===== Material provided

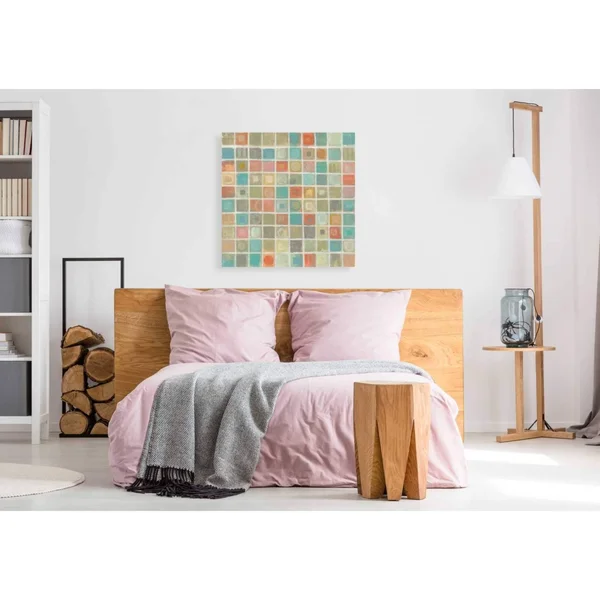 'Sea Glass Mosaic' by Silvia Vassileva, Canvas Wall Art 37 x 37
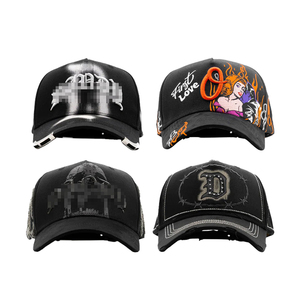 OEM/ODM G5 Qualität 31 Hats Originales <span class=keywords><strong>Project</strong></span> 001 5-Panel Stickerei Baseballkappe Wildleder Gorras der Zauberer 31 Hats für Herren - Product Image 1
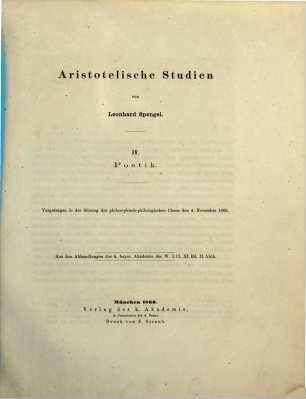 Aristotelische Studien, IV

==========
===== Material provided

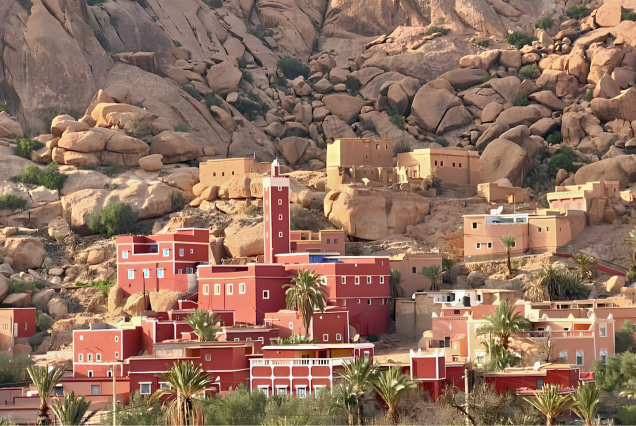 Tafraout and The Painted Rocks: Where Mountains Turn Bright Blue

==========
===== Material provided

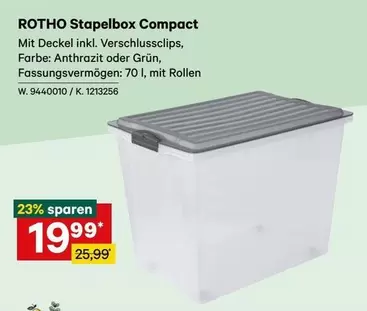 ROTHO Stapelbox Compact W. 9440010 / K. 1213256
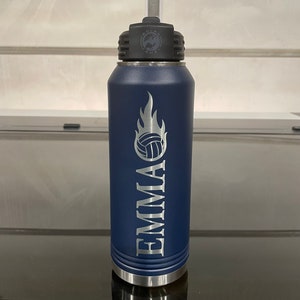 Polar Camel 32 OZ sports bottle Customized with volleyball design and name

==========

-- Problem statement --
With pictures excluded, reproduce exactly the lines above from the one containing "OEM/ODM G5 Qualität" down to the one containing "Aristotelische Studien, IV", those two included.

-- Your solution --
 OEM/ODM G5 Qualität 31 Hats Originales <span class=keywords><strong>Project</strong></span> 001 5-Panel Stickerei Baseballkappe Wildleder Gorras der Zauberer 31 Hats für Herren - Product Image 1
 Aristotelische Studien, IV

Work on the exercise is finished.